<h1><center>MNIST classification using Keras<center></h1>

# Student : Frank Enrique Facundo Raime

# Importing Keras

In [1]:
# Importing the Keras main module forcing tensorflow 1.x backend
import tensorflow as tf
import keras
print("Using tensorflow version " + str(tf.__version__))
print("Using keras version " + str(keras.__version__))

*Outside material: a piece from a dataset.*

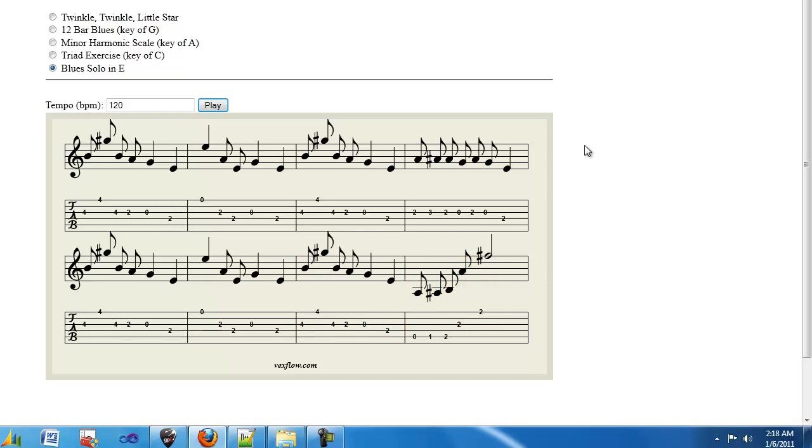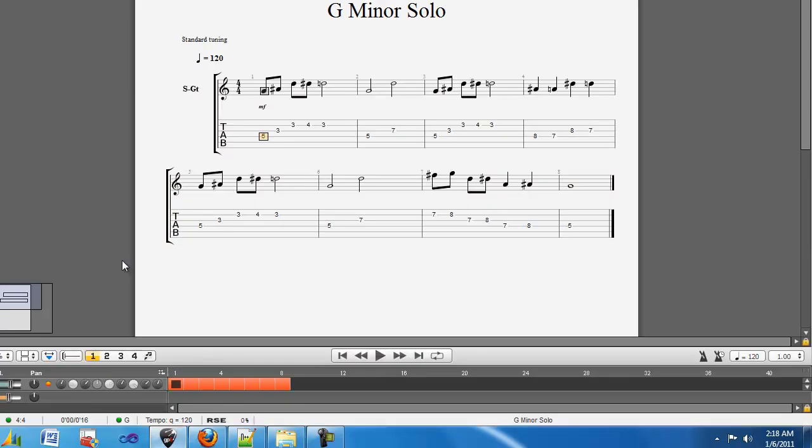Next, I'm going to show you how to add new tabs to this player. I'm using Guitar Pro 6 as my tablature editor and I've created a new solo here.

Using tensorflow version 2.1.0
Using keras version 2.3.1


Using TensorFlow backend.


## Loading and preparing the MNIST dataset

Load the MNIST dataset via keras.datasets. Again, turn train and test labels into one-hot encoding, and reshape and normalize data as in the first exercise. 

In [2]:
#@title
# The MNSIT dataset is ready to be imported from Keras into RAM
# Warning: you cannot do that for larger databases (e.g., ImageNet)
from keras.datasets import mnist
# START CODE HERE

(x_train, y_train), (x_test, y_test) = mnist.load_data()

# END CODE HERE


In [3]:
from keras.utils.np_utils import to_categorical
# START CODE HERE
y_train = keras.utils.to_categorical(y_train, 10)
y_test = keras.utils.to_categorical(y_test, 10)
# END CODE HERE

In [4]:
# Reshape to proper images with 1 color channel according to backend scheme
# img_rows, img_cols = train_images.shape[1], train_images.shape[2]
# train_images = train_images.reshape(...)
# START CODE HERE

x_train = x_train.reshape((60000,784))
x_test = x_test.reshape((10000,784))
                         
# END CODE HERE

# Cast pixels from uint8 to float32
#train_images = train_images.astype('float32')
x_train = x_train.astype('float32')
x_test = x_test.astype('float32')

# Now let us normalize the images so that they have zero mean and standard deviation
# Hint: are real testing data statistics known at training time ?
# START CODE HERE
x_train /= 255.0
x_test /= 255.0
# END CODE HERE

## Defining the neural network architecture (i.e., the network model)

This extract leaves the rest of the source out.